Belarusian state oil company Belneftekhim said Tuesday a full clean-up of the 1 million b/d Druzhba pipeline is likely to require “several months of hard work,” Vedomosti reported. The company expects clean crude from Russia to reach its Mozyr refinery on May 4 at earliest.
Last week, European refineries using the Druzhba pipeline suspended imports after by Russian company Transneft contaminated the pipeline with a shipment of dirty crude containing extremely high levels of corrosive organic chlorides. The Mozyr refinery first reported about the problem on April 18.
The arrival of oil on Belarusian territory is expected no earlier than late Thursday, Belneftekhim said in a statement. This means it will reach the Mozyr Refinery “no earlier than Saturday,” the company said.
Negotiations with Moscow over Belneftekhim’s oil supply will continue, one of its deputy chairmen, Vladimir Sizov, told Reuters as he left talks at the Russian Energy Ministry on Monday.
Belarus is a key transit country for the Druzhba pipeline.

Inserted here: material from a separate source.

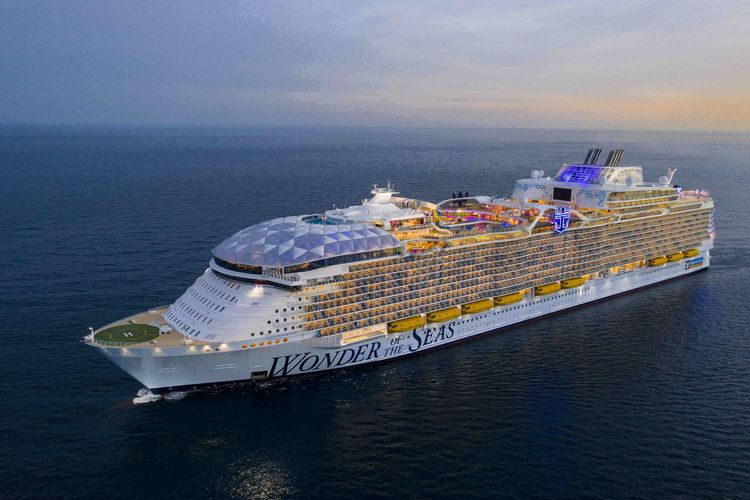 kapal-pesiar-empress-of-the-seas-keindahan-dan-fasilitas-menawan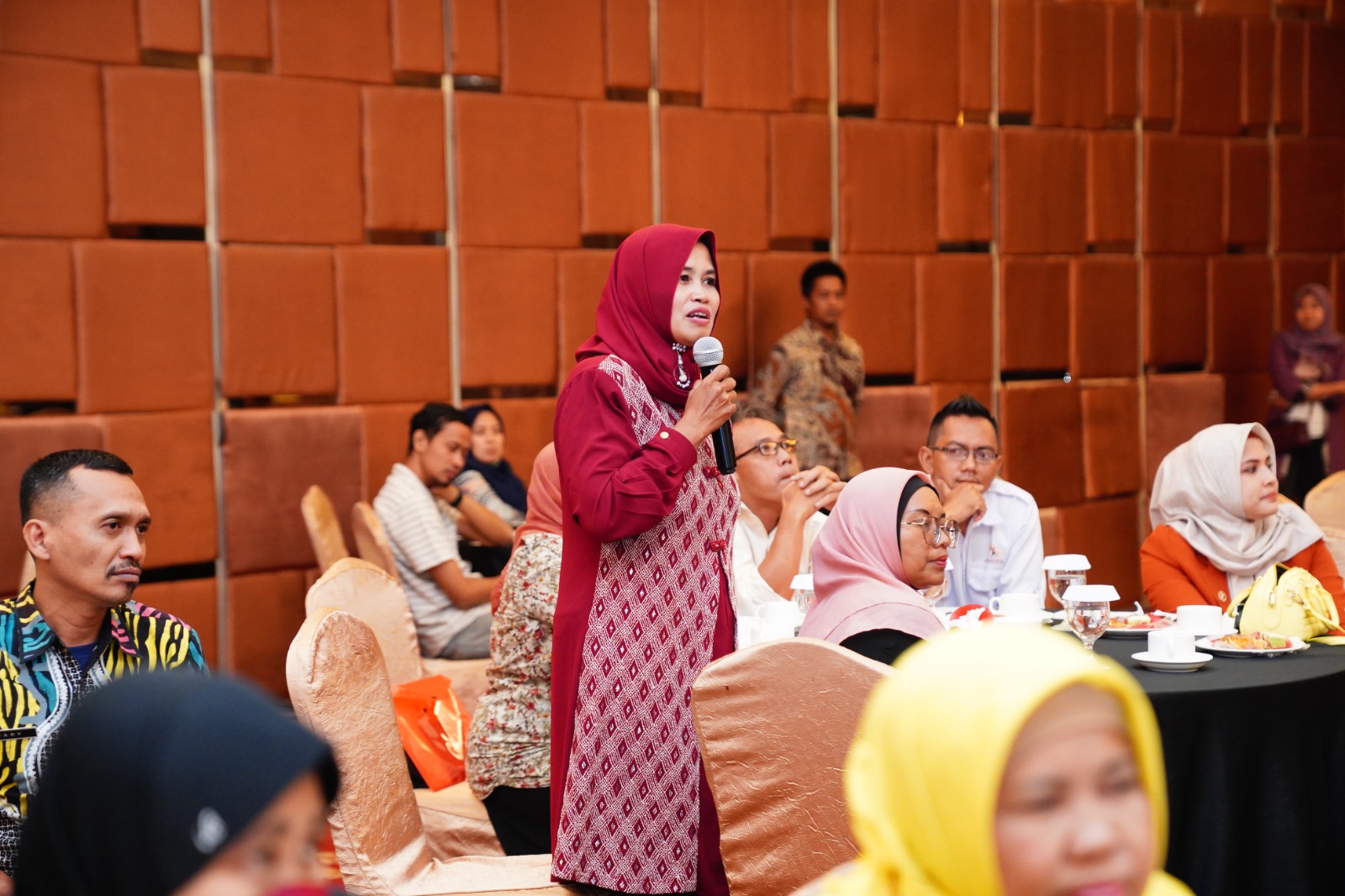 Foto 5 dari 9: Hadiri Musrenbang Disnaker KUKM, Wali Kota Imbau OPD Tekan Angka Pengangguran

The route splits into the northern branch (to deliver crude to Poland and Germany) and the southern branch (to Ukraine, Slovakia, the Czech Republic, Hungary and Croatia) near Mozyr.
Belneftekhim also said that the next stage of the so-called road map developed to deal with the crisis envisages that around 50,000 metric tons (mt) of contaminated crude will be removed from the Russian section of Druzhba into storage tanks at the Unecha pumping station.
Simultaneously, over 120,000 mt of contaminated crude will be removed from the Belarusian section of the pipeline into Mozyr’s storage tanks.